Anne-Sophie Bailly

Trafic de cocaïne: puisque la guerre contre la drogue ne peut être gagnée, si on essayait autre chose

Anne-Sophie Bailly Rédactrice en chef

Depuis le décès d’une fillette à Merksem, les annonces de mesures destinées à renforcer la lutte contre le trafic de drogue et sa consommation se sont multipliées. Pourtant, on sait que la guerre contre les narcotrafiquants n’a jamais été gagnée.  

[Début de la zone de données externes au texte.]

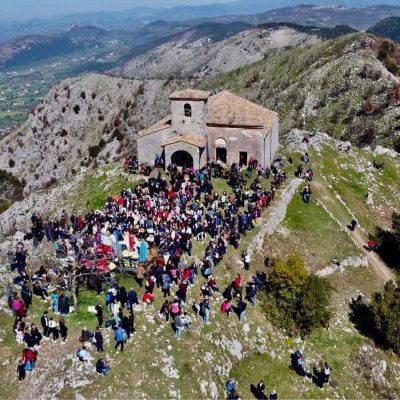 Chiesa di Santa Maria in Cielo a Colle San Magno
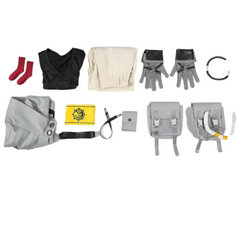 Gachiakuta(2025) Rudo Surebrec Cosplay Costume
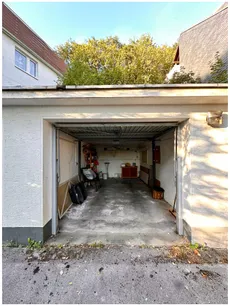 Garage (optional)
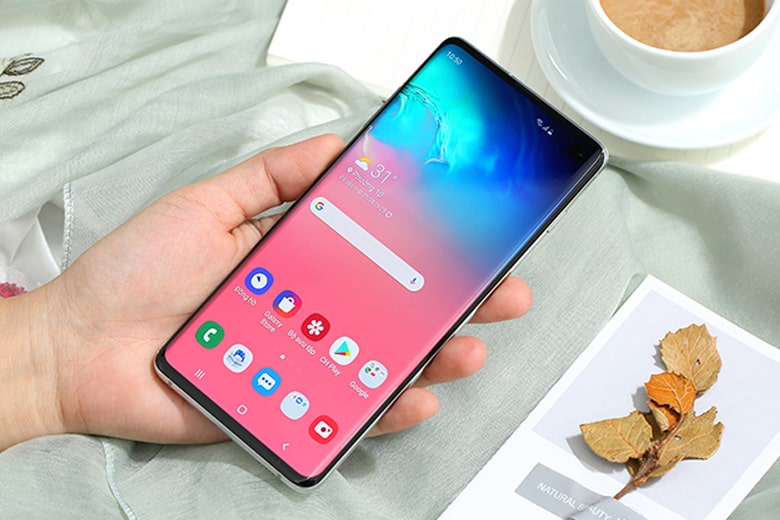 Samsung Galaxy S10 Di Động Việt đang hỗ trợ thu cũ đổi mới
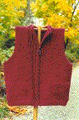 Oat Couture knitting pattern Oregon Vest
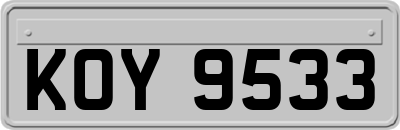 KOY9533
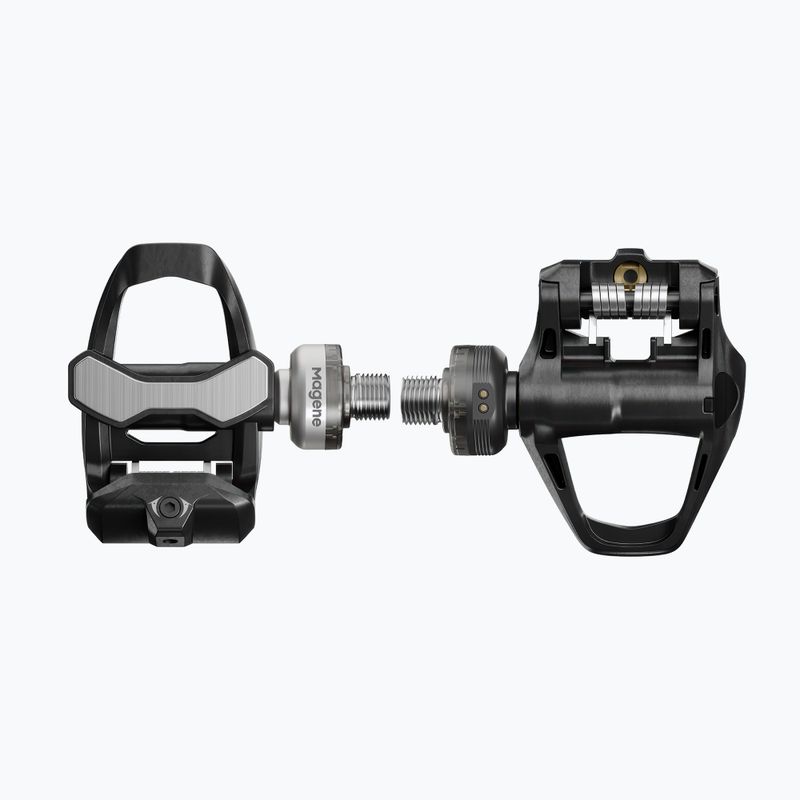 Pedali per bicicletta Magene P715 S SPD-SL silver 2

Un marché, c’est toujours la rencontre d’une offre et d’une demande. Pour la cocaïne, celle entre narco- trafiquants et consommateurs. Un marché tellement important, avec un taux de croissance tellement élevé, qu’il engendre une explosion des faits de violence qui pousse les Etats à intensifier leur lutte contre le trafic de drogue. Depuis la fusillade ayant causé le décès d’une enfant à Merksem, les annonces en ce sens se sont multipliées en Belgique.

Celles qui visent à perturber l’offre, d’abord: faire descendre les militaires dans le port et les rues d’ Anvers, allouer davantage de ressources aux services douaniers, instaurer un corps de police portuaire, nommer un commissaire national «drogue»… Celles censées dissuader la demande, ensuite: culpabiliser les consommateurs en matraquant qu’ils ont «du sang sur les mains», qu’ils «contribuent à alimenter un système», les faire payer davantage et plus souvent, en renforçant les contrôles et en augmentant le tarif des amendes. Des moyens supplémentaires qui peuvent sembler nécessaires, mais qui n’ont jamais, jusqu’à preuve du contraire, ni freiné le trafic, ni limité l’usage, ni empêché la mutation ou le renforcement des cartels, ni instillé le doute dans le sentiment d’impunité, ni instauré un semblant de proportionnalité entre les moyens des acteurs en présence.

Pourquoi ne pas tenter de casser la logique de marché du trafic de cocaïne, en y faisant entrer un acteur supplémentaire, les Etats, en tant que fournisseurs?

Devant ce constat d’échec, pourquoi ne pas tenter de rendre ce marché inopérant, de casser sa logique, en y faisant entrer un acteur supplémentaire, les Etats, en tant que fournisseurs? C’est la proposition avancée par la maire d’ Amsterdam, Femke Halsema, comme par le président colombien Gustavo Petro. L’idée: attaquer le problème par son volet économique en supprimant la source de revenus des narcotrafiquants et en fournissant aux consommateurs un produit contrôlé, légalement distribué et lourdement taxé. Bref, en régulant et dépénalisant le commerce de la cocaïne.

L’ idée peut sembler contraire aux valeurs morales. Comment un Etat pourrait-il devenir fournisseur officiel d’un produit addictif, nocif, potentiellement mortel? Aujourd’hui, en Belgique, aucun parti ne se risquerait à mettre une telle proposition à son programme. La société n’est probablement pas prête non plus à appréhender une telle évolution dans son rapport avec la drogue.

Il faudra encore beaucoup de containers fruitiers, de grenades explosées, de violences, de règlements de comptes, de morts avant d’accepter cette évidence: aucune guerre contre les mafias de la drogue n’a jamais été gagnée.